● **DATA IN THIS EXERCISE**
———
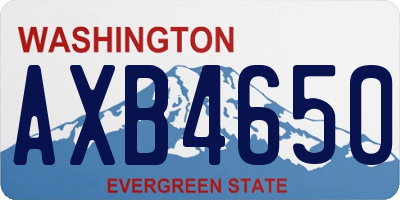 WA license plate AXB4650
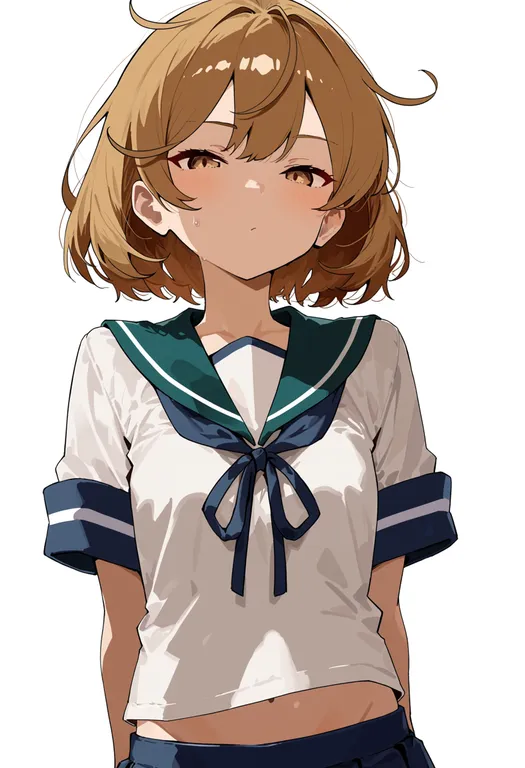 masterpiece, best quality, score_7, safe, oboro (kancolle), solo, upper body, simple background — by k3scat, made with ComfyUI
———
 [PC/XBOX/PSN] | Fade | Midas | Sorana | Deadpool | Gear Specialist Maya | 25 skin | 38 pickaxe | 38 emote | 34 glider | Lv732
———
● **WHAT YOU HAVE TO DO**
Return the material from the line containing "WA license plate AXB4650" through the line containing "masterpiece, best quality, score_7, safe, oboro", exactly and in full, but without its pictures.

● **RESPONSE AREA**
 WA license plate AXB4650
 masterpiece, best quality, score_7, safe, oboro (kancolle), solo, upper body, simple background — by k3scat, made with ComfyUI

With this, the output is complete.